» REQUIREMENT:
From the line containing "Victorian Pearl Horseshoe Ring For Sale" to the end of the entries, return every line exactly, both ends included, and add nothing.

══ DATA EXTRACTS ══

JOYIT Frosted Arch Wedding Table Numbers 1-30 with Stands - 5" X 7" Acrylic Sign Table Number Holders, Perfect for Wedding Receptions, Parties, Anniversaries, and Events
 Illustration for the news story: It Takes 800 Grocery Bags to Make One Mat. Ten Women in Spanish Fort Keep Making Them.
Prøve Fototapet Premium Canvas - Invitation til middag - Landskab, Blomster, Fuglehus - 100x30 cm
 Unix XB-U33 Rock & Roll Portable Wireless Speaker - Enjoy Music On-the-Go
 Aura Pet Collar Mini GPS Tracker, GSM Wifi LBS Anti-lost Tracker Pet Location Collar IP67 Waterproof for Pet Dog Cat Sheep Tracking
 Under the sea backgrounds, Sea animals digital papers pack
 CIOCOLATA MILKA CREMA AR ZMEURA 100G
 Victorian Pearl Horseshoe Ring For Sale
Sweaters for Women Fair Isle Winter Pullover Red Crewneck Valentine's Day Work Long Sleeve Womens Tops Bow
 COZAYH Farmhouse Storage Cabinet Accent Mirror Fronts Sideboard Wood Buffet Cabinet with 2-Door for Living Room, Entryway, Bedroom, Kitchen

═══

» EXERCISE SOLUTION:
 Victorian Pearl Horseshoe Ring For Sale
Sweaters for Women Fair Isle Winter Pullover Red Crewneck Valentine's Day Work Long Sleeve Womens Tops Bow
 COZAYH Farmhouse Storage Cabinet Accent Mirror Fronts Sideboard Wood Buffet Cabinet with 2-Door for Living Room, Entryway, Bedroom, Kitchen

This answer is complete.